The Red Cross says it could organise an international campaign to lobby pension funds over investments in companies linked to the manufacture of cluster bombs. It follows a wave of public pressure in recent days on Danish schemes to boycott investments in related companies after scathing criticism in the media from Danish Church Aid and NGO’s including Danish Red Cross and Amnesty International.
The pressure on Danish funds mirrors the public outcry in the Netherlands during 2007, after a television documentary prompted Dutch pension fund giants ABP and PGGM to pull tens of millions of euros from cluster bomb manufacturers. Industriens Pension, the €6.25bn ($9.1bn) industry-wide pension fund for blue-collar workers, has announced an emergency meeting on February 29 to decide whether it will keep investments in cluster bomb manufacturers.
The fund has come under intense pressure over its holdings, as has Danica Pension, the €33bn pensions arm of Danske Bank. Danica has announced it will pull €13.8m of shares from Raytheon, Lockheed Martin, General Dynamics and L-3 Communications. The company will also implement a new ethical investment policy shortly.

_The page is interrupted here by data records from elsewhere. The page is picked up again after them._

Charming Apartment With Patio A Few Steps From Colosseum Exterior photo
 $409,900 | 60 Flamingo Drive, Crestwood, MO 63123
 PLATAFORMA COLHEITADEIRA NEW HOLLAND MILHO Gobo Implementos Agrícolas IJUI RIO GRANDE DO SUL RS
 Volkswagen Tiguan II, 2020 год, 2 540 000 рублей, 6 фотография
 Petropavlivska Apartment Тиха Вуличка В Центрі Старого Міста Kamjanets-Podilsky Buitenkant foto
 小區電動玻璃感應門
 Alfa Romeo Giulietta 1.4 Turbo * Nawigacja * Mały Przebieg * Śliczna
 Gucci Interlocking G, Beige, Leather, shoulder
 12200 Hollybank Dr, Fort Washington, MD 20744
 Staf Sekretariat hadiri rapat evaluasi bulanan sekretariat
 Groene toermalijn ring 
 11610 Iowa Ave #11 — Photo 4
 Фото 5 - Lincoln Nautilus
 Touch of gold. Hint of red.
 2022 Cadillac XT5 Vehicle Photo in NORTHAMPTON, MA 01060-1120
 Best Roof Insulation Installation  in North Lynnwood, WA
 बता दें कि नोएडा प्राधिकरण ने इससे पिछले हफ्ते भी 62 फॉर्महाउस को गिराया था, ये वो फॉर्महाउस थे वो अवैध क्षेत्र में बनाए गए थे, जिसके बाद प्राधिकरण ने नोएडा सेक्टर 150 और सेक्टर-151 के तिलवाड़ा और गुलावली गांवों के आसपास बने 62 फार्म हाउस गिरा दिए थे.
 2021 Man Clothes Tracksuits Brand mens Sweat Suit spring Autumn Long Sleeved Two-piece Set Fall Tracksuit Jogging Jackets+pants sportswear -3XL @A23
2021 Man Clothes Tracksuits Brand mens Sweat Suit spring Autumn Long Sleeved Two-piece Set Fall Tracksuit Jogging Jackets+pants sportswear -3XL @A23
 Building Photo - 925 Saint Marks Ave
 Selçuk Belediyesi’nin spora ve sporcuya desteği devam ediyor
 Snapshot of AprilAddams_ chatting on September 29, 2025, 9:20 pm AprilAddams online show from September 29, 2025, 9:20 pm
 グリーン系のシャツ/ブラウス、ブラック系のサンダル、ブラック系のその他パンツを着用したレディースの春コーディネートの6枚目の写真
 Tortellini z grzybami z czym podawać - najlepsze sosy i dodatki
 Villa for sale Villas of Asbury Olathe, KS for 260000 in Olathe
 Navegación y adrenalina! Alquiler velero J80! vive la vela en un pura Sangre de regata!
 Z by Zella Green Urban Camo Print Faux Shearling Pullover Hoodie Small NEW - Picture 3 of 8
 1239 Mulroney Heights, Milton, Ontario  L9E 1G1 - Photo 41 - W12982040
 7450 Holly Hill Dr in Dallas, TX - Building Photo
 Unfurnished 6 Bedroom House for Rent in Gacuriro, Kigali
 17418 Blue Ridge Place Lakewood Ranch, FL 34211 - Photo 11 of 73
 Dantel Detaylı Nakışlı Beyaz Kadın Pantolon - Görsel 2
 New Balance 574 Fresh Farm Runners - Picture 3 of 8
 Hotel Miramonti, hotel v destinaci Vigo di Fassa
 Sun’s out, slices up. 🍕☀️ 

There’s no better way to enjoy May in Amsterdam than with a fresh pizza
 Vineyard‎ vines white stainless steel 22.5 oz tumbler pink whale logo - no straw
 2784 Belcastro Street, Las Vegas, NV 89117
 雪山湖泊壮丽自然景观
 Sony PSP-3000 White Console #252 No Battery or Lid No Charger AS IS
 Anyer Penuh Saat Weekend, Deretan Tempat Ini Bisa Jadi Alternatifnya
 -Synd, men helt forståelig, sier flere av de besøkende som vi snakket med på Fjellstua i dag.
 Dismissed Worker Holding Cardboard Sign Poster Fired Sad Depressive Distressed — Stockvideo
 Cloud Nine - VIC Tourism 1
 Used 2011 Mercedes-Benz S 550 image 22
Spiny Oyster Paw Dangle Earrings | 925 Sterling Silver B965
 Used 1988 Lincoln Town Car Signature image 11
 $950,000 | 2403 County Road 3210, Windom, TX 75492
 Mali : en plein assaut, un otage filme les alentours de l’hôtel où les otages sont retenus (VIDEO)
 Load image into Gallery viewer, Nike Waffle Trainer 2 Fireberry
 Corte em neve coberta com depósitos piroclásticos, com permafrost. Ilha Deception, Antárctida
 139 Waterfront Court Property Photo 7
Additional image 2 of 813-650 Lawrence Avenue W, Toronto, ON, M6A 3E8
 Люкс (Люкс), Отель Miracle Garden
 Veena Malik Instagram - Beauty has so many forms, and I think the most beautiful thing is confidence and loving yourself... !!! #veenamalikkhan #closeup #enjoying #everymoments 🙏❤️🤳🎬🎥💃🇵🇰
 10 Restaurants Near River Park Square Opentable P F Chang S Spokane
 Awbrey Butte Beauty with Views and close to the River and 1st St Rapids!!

Anne Sofie Lauritzen, co-ordinator of the Red Cross’ cluster bomb campaign: “We have close co-operation with other Red Cross organisations and are looking at aninternational campaign. We were pleasantly surprised at the reaction of Danica because we approached them in the morning and they said that the financial implications for members were most important. By the afternoon they issued a statement saying they were pulling out. It’s a positive step and we are wiling to have a dialogue with other funds.” Erik Adolphsen, chief executive officer at Industriens, told Responsible Investor: “We don’t invest in companies linked to landmines because of the Ottawa convention, but there is no convention on cluster bombs and so it is not illegal. It is possible that at the February 29 meeting we could decide to divest.” The holdings of both Industriens and Danica were revealed by DanWatch, a corporate watchdog on Danish investment and trade abroad. Søren Ring, co-founder of DanWatch, said: “The defence made by Industriens is ridiculous. If they want to position themselves as ethical then they will have to go beyond the law because many people feel that cluster bombs are just landmines dropped from the sky.” He said DanWatch was carrying out further research into whether shareholdings by Danish pension funds conformed to standards set out by the International Labour Organisation (ILO), as well as into investments in the Burmese oil and gas sector.
On 18th February governments and campaigners from around the world will meet in New Zealand to initiate discussions on an international treaty on cluster bombs.